That hip open plan office you work in?

Turns out it may not be so conducive to collaboration after all.

A study by science journal The Royal Society instead found open plan offices had the opposite effect.

“Rather than prompting increasingly vibrant face-to-face collaboration, open architecture appeared to trigger a natural human response to socially withdraw from officemates and interact instead over email and Instant Messenger,” the study found.

By studying two workplaces before and after a redesign to open plan workspaces, researchers could clearly see changes in behaviour.

“Even though everyone on the floor could see everyone else all the time (or perhaps because they could), virtual interaction replaced face-to-face interaction in the newly boundaryless space.”
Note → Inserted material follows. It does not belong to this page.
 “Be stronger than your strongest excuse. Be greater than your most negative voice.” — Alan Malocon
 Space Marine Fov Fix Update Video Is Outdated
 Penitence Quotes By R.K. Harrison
Using an array of technology, including sociometric badges, infrared sensors, microphones, and Bluetooth sensors, researchers were able measure time spent in face-to-face interactions.

They found face-to-face interactions decreased by around 70% once workers were placed in open plan offices.
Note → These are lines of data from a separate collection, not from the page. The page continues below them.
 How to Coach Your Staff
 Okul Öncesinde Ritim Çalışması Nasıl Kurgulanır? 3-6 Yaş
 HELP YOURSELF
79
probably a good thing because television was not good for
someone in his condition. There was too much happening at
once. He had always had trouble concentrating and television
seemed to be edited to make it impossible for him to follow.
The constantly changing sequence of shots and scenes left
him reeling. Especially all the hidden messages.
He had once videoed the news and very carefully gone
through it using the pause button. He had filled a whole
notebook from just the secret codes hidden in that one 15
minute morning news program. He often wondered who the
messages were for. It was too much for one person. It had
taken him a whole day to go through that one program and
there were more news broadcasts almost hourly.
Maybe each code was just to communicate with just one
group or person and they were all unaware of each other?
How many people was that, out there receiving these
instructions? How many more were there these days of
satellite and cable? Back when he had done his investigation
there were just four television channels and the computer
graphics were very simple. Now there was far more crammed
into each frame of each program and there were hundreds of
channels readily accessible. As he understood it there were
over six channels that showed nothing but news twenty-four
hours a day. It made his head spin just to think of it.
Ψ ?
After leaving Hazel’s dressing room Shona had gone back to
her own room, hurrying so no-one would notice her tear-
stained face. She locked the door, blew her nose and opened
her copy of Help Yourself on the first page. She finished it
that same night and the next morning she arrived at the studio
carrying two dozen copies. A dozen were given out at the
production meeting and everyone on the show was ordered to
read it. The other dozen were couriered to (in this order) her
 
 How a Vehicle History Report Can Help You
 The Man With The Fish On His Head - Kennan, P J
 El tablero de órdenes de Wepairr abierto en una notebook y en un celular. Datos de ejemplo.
Researchers found participants sent 56% more emails, received 20% more emails and were copied in on 41% more emails.

“On the one hand, sociological theory presents a strong argument that removing spatial boundaries to bring more people into contact should increase collaboration and collective intelligence,” the researchers said.

They found “consistent with the fundamental human desire for privacy and prior evidence that privacy may increase productivity, when office architecture makes everyone more observable or ‘transparent’, it can dampen face-to-face interactions, as employees find other strategies to preserve their privacy; for example, by choosing a different channel through which to communicate.”

“Rather than have a face-to-face interaction in front of a large audience of peers, an employee might look around, see that a particular person is at his or her desk, and send an email.

“Adopting open offices, therefore, appears to have the perverse outcome of reducing rather than increasing productive interaction.”

The study was funded by the Division of Research and Faculty Development at the Harvard Business School.